皐月賞当日も、中山競馬場この2人が得た鞍は皐月賞1鞍のみであった。
メイショウサムソンに石橋騎手が乗ることになったのは、様々な偶然が重なった結果といえた。
小倉競馬場での新馬戦は当初、福永祐一騎手が騎乗する予定だった。
しかしながら福永騎手は同日に関屋記念でサイドワインダーの騎乗があったため、小倉に滞在していて普段から瀬戸口厩舎の馬の調教を手伝っていた石橋騎手に白羽の矢が立った。
そのデビュー戦は2着。
一度きりの騎乗と思われたが、瀬戸口厩舎では同じ世代に大物と称されたマルカシェンクが頭角を現し始め、福永騎手がその主戦を務めることになったため、結果的に石橋騎手とメイショウサムソンのコンビが継続されることになった。石橋騎手が自身でそう振り返っている。
一方の高田騎手。
彼が皐月賞でドリームパスポートに乗ることになった経緯もまた、偶然の産物といえるものであった。
高田騎手はドリームパスポートの調教をデビュー前から担当していた。
しかしながらここまで騎乗できたのは、デビュー戦(3着)と京都2歳ステークス(2着)の2鞍のみ。
それ以外は重賞レースも含め別の騎手が騎乗してきた。
ドリームパスポートの所属厩舎は松田博資厩舎。

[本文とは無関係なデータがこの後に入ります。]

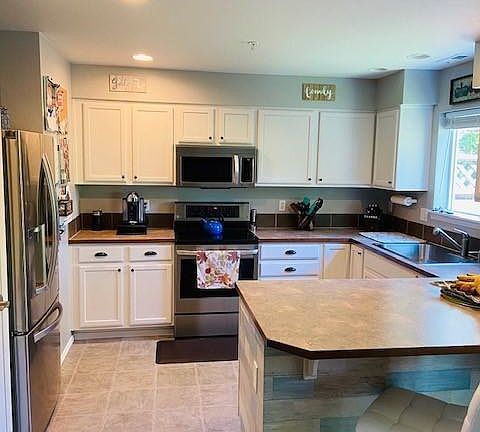 3rd image of 17815 79th Avenue Ct E #31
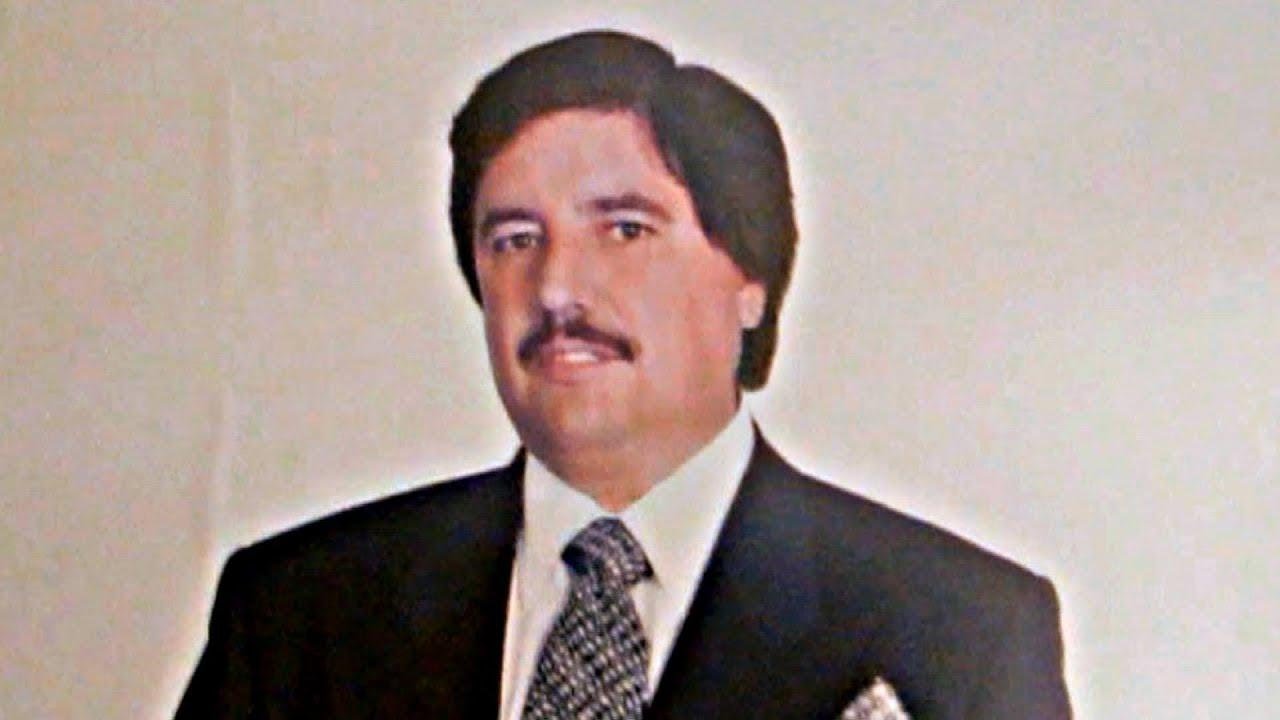 Who was Amado Carrillo Fuentes? The Legendary “Señor de los Cielos” of the Mexican Cartel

当時はたくさんの有力馬を抱えるリーディング上位厩舎で、この皐月賞にも有力馬3頭を出走させることになっていた。
ドリームパスポートは安藤勝己騎手の手綱できさらぎ賞を勝利していたが、安藤騎手が同厩舎のキャプテンベガを選んだため、スプリングS(3着)はM.デムーロ騎手が騎乗。
しかし、翌週にデムーロ騎手が騎乗停止処分を受け、鞍上が宙に浮いていた。
そこで、日ごろから同馬の調教をつけていて、よく癖などを知っているであろう高田騎手にチャンスが巡ってきた。
高田騎手は1999年デビューで当時25歳。
3年目に22勝をあげたものの、その後勝ち鞍は減る一方で、前々年は4勝、前年は3勝に留まっていた。

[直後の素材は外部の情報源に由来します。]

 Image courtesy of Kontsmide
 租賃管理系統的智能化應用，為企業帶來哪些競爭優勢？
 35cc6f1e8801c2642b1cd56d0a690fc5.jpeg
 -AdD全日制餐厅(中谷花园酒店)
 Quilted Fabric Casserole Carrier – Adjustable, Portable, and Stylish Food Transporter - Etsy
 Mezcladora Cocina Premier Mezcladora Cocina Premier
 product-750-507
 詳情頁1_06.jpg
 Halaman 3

この頃は障害レースに騎乗することが多く、この年も皐月賞までにあげた唯一の勝利は障害未勝利戦でのもので、平地G1への騎乗自体が2004年秋華賞のドルチェリモーネ(13着)以来であった。
皐月賞当日は朝から小雨まじり。
途中から雨があがってスタート前には良馬場発表となったが、それまでの雨の蓄積が色濃く残る馬場状態であった。ゲートが開くと予想通りステキシンスケクンが先頭に立った。

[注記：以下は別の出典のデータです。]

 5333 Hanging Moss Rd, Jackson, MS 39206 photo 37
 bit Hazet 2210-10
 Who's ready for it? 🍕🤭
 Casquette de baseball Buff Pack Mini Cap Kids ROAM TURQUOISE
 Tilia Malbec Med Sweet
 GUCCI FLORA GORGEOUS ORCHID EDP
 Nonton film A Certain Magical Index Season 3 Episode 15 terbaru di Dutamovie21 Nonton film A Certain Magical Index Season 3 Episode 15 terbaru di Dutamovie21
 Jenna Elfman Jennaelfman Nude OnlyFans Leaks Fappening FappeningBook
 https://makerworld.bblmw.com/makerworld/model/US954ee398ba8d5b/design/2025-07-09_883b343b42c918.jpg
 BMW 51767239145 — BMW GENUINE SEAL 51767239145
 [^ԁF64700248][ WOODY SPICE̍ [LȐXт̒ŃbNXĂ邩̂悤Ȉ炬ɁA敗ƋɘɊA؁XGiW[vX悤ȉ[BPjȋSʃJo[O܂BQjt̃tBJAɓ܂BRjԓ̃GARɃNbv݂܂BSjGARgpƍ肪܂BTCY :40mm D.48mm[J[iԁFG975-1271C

メイショウサムソンは道中5~6番手の好位、ドリームパスポートはそこから2馬身ほど離れた内側をロスなく回った。平均的な流れで3コーナーまで進み、このあたりから2番手につけていたフサイチリシャールが先頭を行くステキシンスケクンを捕まえにかかる。メイショウサムソンは、その動きを見ながら、誰にも邪魔されないように外々を回して4コーナーを回ってくる。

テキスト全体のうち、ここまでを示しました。